__DATA FOR THIS TASK__:

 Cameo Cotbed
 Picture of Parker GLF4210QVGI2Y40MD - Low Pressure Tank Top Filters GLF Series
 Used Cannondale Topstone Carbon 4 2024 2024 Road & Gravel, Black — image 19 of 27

...

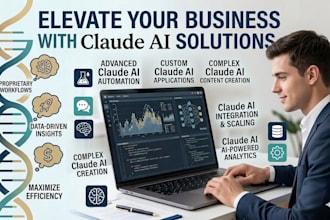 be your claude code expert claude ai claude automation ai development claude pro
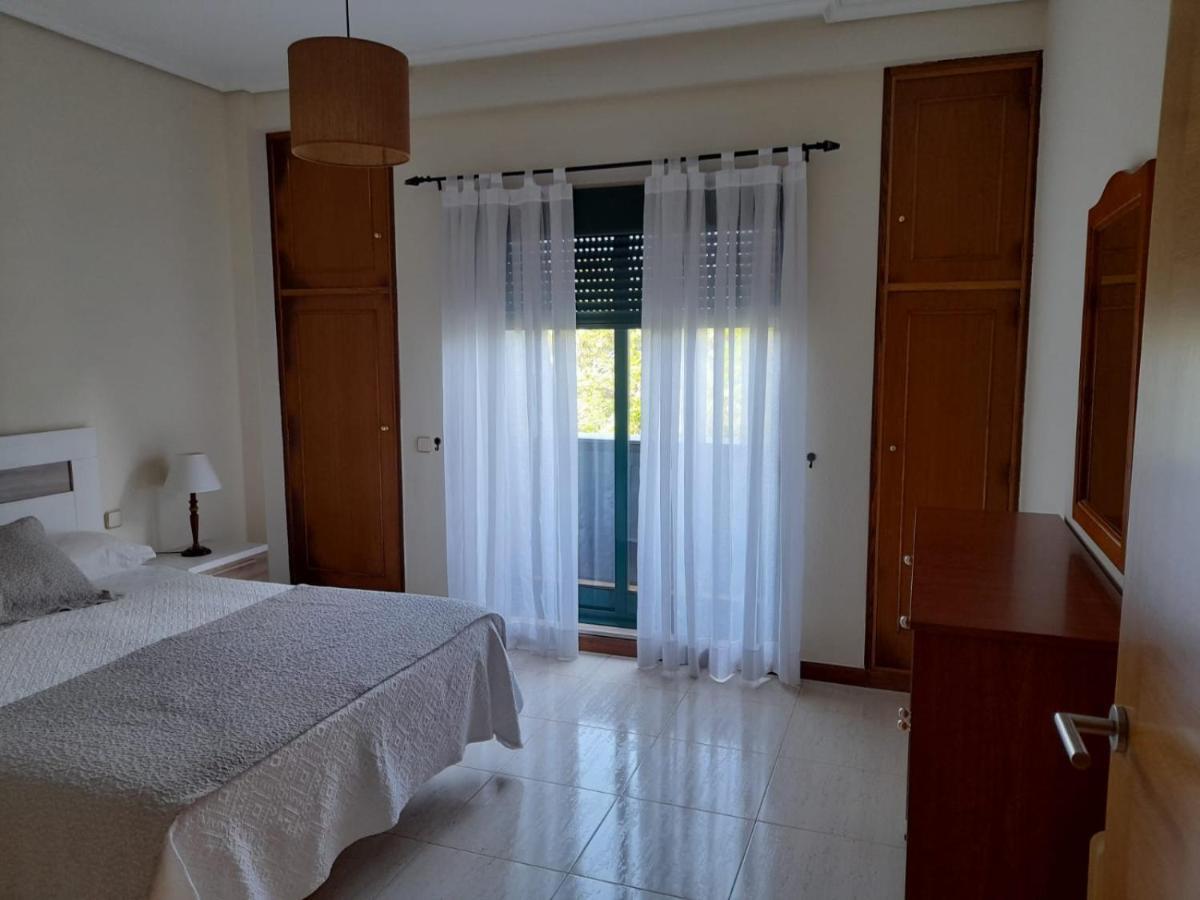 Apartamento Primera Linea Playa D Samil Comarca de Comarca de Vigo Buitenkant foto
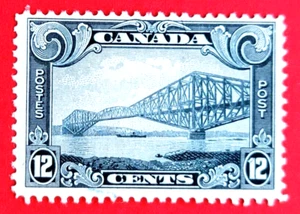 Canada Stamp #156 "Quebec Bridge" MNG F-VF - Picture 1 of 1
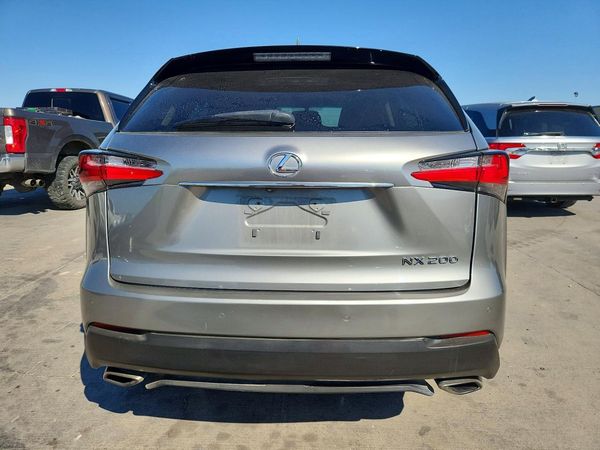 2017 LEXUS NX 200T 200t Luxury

==

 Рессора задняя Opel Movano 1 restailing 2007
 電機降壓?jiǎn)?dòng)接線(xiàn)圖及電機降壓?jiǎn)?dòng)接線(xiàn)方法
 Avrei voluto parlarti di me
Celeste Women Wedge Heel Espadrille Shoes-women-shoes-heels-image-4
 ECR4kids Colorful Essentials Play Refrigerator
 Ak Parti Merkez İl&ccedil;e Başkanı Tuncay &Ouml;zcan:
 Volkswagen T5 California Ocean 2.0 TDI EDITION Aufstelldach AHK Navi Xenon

__TASK GOAL__: Apply a filter to the listing above so that only lines with "image" are kept, and copy those lines.

__ANSWER TO THE PROBLEM__:
 Used Cannondale Topstone Carbon 4 2024 2024 Road & Gravel, Black — image 19 of 27
Celeste Women Wedge Heel Espadrille Shoes-women-shoes-heels-image-4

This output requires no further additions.